当然これも綺麗に再利用したいのでなんとか綺麗なまま剥がしたいのだけど、無理そうだと判断し、スエード生地だけ傷つけないよう気を配りながら紙製の台紙は破損前提で剥がす。

温めるのも怖くてできなかった
ユニットに残った紙は、溶剤を浸み込ませながら削ぎ落しておく。こうなるとスエード生地は再度同じように張ることはできないので、なにか対策を講じなければならない。
 
ネジ頭が見えるようになったけれど、振動板の周りにあるフェルト製のリングは比較的簡単に剥がせそうなので、エッジ部を拝んでみる。
こちらも固定が両面テープだけど、エッジのロールを避けるようにリングの最外周にのみ貼られているため、貼付の面積としてはかなり小さい。
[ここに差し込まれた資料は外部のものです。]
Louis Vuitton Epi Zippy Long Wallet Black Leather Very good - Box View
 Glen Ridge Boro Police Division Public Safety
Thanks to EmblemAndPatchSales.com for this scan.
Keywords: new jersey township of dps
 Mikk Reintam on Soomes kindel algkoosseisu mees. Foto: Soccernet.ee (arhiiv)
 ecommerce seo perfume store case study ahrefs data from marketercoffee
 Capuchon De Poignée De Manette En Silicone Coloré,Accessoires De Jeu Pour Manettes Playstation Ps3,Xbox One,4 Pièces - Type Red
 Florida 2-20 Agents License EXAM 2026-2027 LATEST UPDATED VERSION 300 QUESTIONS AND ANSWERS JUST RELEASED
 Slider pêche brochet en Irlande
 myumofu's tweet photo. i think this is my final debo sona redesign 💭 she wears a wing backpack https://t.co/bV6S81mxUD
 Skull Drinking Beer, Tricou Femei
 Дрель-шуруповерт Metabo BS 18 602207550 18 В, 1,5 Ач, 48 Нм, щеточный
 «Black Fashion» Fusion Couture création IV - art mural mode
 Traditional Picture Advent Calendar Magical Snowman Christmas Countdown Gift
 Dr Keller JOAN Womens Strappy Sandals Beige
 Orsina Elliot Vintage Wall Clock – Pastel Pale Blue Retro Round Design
ゆっくり切りこむようにして持ち上げると綺麗に剥がれてくれる。

千枚通し一本で剥がせた
といっても、エッジの上に両面テープを乗せているので、あまり適当にやるとエッジごと剥がれてしまう。両面テープからフェルトを引き離すようにして、エッジ上に残った両面テープをチマチマ剥がすようにする。

ここは溶剤は使えない
 

エンクロージャー内部

俯瞰
晴れてドライバーユニットを取り外すことができた。

俯瞰
前面バッフルは予想していたとおりMDF製で、2枚を貼り合わせて厚みを出している。

バッフル断面
バスレフダクト
内部では、パーティクルボードで組まれた大きなバスレフダクトが、ウーファーのマグネットを覆うように折れ曲がって、開口がやや上方を向いている。

バスレフダクト。まさに"ダクト"である
このダクト、9mm厚のパーティクルボード製で、矩形の開口は長辺93mm、短辺40mmと、かなり大きくゴツい。ダクトは内部は末端まですべて、さらに筐体内の断面部まで黒色で塗装されている。
また、たいていは板材に接着剤で固定するところ、このスピーカーは前面バッフルにダクトを支持する木材をネジで固定して補強してある。初めて見る施工だ。
これらは当然人の手で組み立てているのだろうし、ただただ感服するばかりだ。
吸音
吸音材も豊富に充てがわれている。
両側面と底面にニードルフェルトを、ダクト上部とバックパネルにはウールを、天面にはグラスウールを、それぞれタッカーで固定している。

バックパネル裏のウール
なお、グラスウールは飛散を抑制するためと思しき不織布に包まれている。

天面のグラスウール
計3種類の素材を採用し、前面側以外のいたるところに配置しているかたち。国産スピーカーにしては、かなり吸音を意識している仕様に見える。
また、前面から向かって左側の側面と天面に、棒状に切り出したパーティクルボードをネジ留めしている。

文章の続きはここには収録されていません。